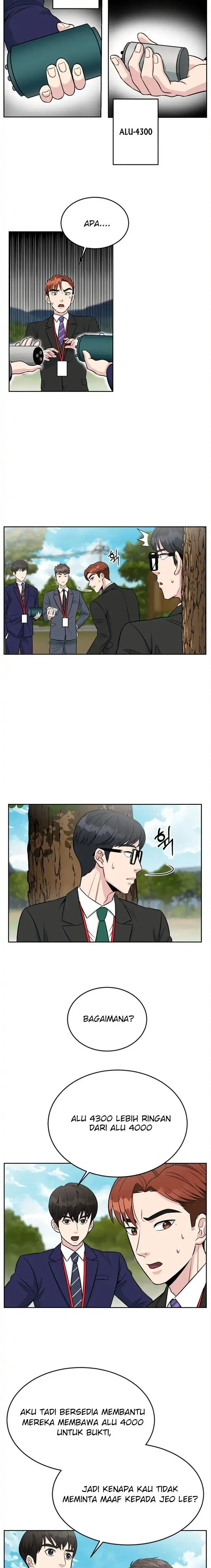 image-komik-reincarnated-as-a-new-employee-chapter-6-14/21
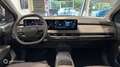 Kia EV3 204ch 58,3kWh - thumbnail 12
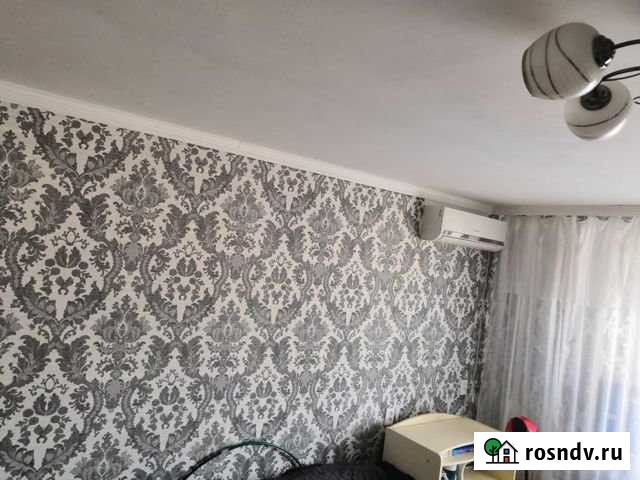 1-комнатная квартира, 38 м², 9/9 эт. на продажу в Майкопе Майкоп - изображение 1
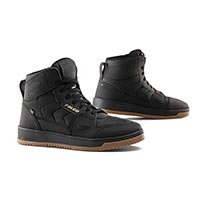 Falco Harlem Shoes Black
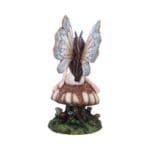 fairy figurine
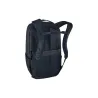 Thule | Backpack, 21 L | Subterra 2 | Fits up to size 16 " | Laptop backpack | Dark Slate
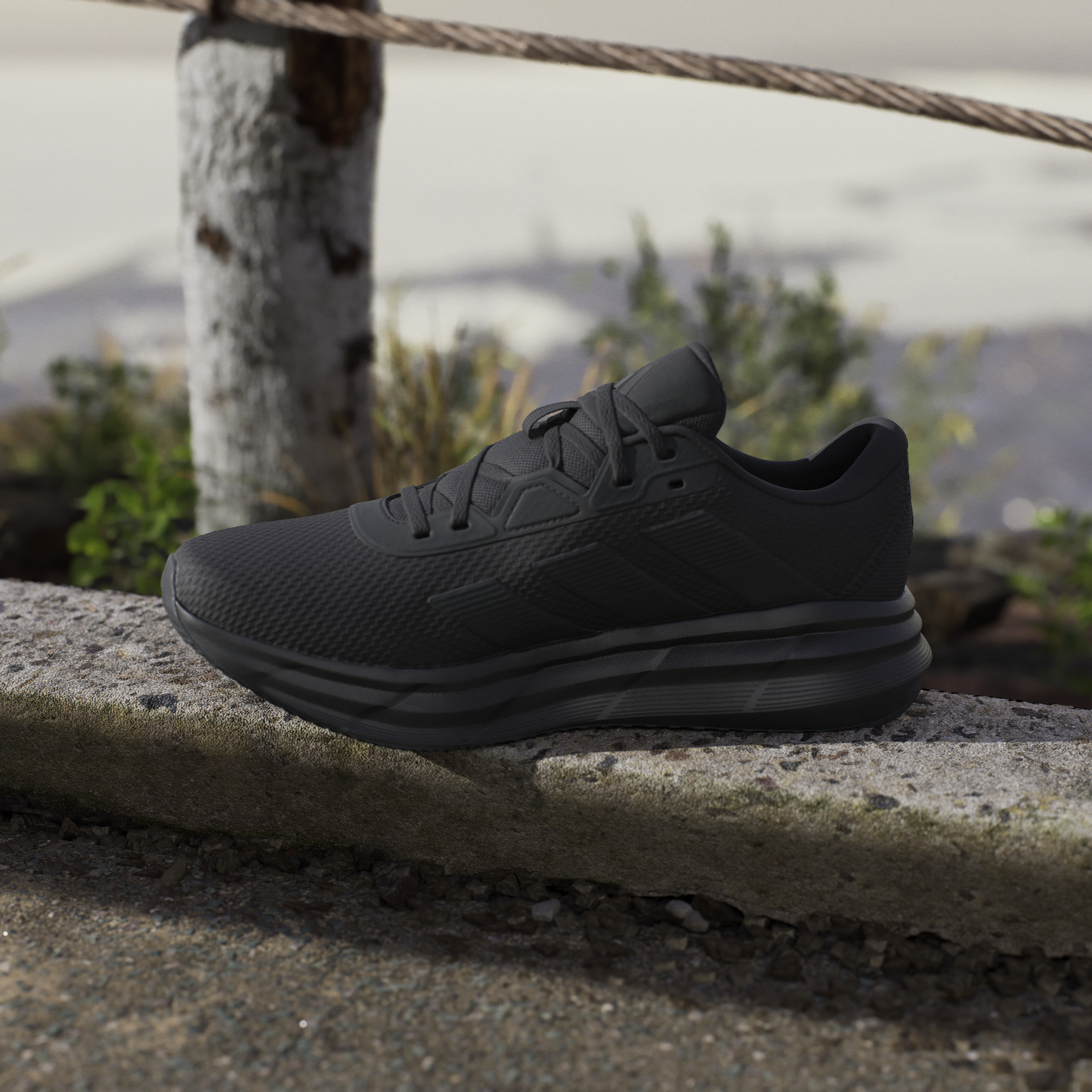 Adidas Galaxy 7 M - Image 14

----

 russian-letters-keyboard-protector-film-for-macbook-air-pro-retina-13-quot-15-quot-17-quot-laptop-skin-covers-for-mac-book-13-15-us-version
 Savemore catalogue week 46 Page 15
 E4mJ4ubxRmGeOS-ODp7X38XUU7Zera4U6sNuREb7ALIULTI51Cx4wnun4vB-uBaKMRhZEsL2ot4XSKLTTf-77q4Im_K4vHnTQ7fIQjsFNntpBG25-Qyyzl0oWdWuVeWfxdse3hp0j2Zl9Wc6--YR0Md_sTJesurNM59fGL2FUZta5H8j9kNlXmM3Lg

----

EXERCISE DIRECTIONS => Reproduce exactly the lines above starting at the line containing "fairy figurine" and ending at the line containing "Adidas Galaxy 7 M - Image 14", including both, but not the pictures.

WRITTEN REPLY =>
 fairy figurine
 Thule | Backpack, 21 L | Subterra 2 | Fits up to size 16 " | Laptop backpack | Dark Slate
 Adidas Galaxy 7 M - Image 14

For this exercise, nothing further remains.